The name of this organization shall be A.M.B.A., Inc., a non-profit corporation, dba ALABAMA MORTGAGE BROKERS ASSOCIATION, as recorded in the County of
Jefferson, in the State of Alabama.

ARTICLE II PRINCIPAL PLACE OF BUSINESS

The location of the principal office of AMBA shall be in the state of Alabama at such location
as shall be determined by the Board of Directors.

ARTICLE III PURPOSE

The purpose of AMBA shall be:

1. To promote the common business interests of those engaged in the Mortgage Brokerage
industry.
2. To promote cooperative business transactions among it’s members.
3. To provide a forum for the effective exchange of Mortgage Brokerage knowledge, trends, ideas and innovations.
4. To promote and enhance the image of the Mortgage Brokerage Profession throughout the State of Alabama.
5. To foster a broad understanding and acceptance of Professional Mortgage Brokering as a source of mortgage financing.
6. To protect the Mortgage Brokerage industry and public through legislative actions.
7. To promote the highest standards of Professional practice and Mortgage Brokering ethics.
8. To promote a cooperative liaison with other related professional groups.
9. To do any and all things that are lawful and appropriate in the furtherance of these purposes.

ARTICLE IV MEMBERSHIP

Section 1. Classes of Membership and Qualifications

A. PROFESSIONAL – any person who acts as a Mortgage Broker and maintains a principal place of business in the State of Alabama. A Professional paid member shall have a vote in all affairs of this Association.
B. PROFESSIONAL ORIGINATOR – any additional persons employed in a Mortgage Brokerage firm that originates mortgages. Professional Originator members shall not have a vote in association affairs.
C. PROFESSIONAL ASSOCIATE – any additional persons employed in a Mortgage Brokerage firm. Professional Associate members shall not have a vote in association affairs.
D. PROFESSIONAL AFFILIATE – any person employed by any company which has an interest in supporting the Mortgage Brokerage industry. Affiliate members shall not have a vote in association affairs.
E. AFFILATE ASSOCIATE – any person employed by a company that has an existing Professional Affiliate member current on dues. Affiliate Associates shall not have a vote in association affairs.
F. REGIONAL AFFILIATE – any person employed by a company which has an interest in supporting the mortgage industry and only conducts business in one region of the state. Regional Affiliates shall not have a vote in association affairs.
G. HONORARY – may be granted to any individual when, in the opinion of the Board of Directors, their actions have been meritorious and/or they have provided a distinguished service to the profession of Mortgage Brokerage or to the Association as determined by the Board of Directors each year. Honorary members shall not have a vote in association affairs.

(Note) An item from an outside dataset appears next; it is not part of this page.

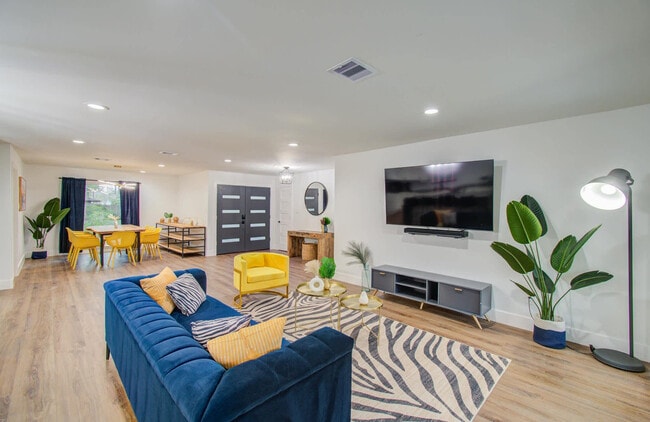 property at 5407 Ariel St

Section 2. Applications for Membership

Complete applications for membership as Professional, Associate, or Affiliate Members shall be
those that: (a) have all sections of the membership application completed; (b) are addressed to and received by the Association; (c) include a check covering one year’s dues plus application fee, where applicable; (d) bear the name of a sponsor who shall be a Member in good standing of the Association at the time the application is received; (e) agree to comply with the Association’s Code of Ethics and Standards of Professional Practice; and (f) such other information as will enable the Association to determine that reputation and integrity of the applicant.

New Member applications and/or questions shall be referred to the Membership committee for its review and recommendation to the Board of Directors at its next regularly scheduled meeting. Applications for Professional, Associate and Affiliate memberships shall require a majority affirmative vote of the Board of Directors present at such meeting, in order to become a member.

Section 3. RESIGNATION

Any member may resign from Membership in the Association by filing a letter of resignation with the Secretary. Resignation shall not relieve such member from the obligation to pay in full all dues, assessments or other indebtedness to the Association, which may be due up to the date of resignation.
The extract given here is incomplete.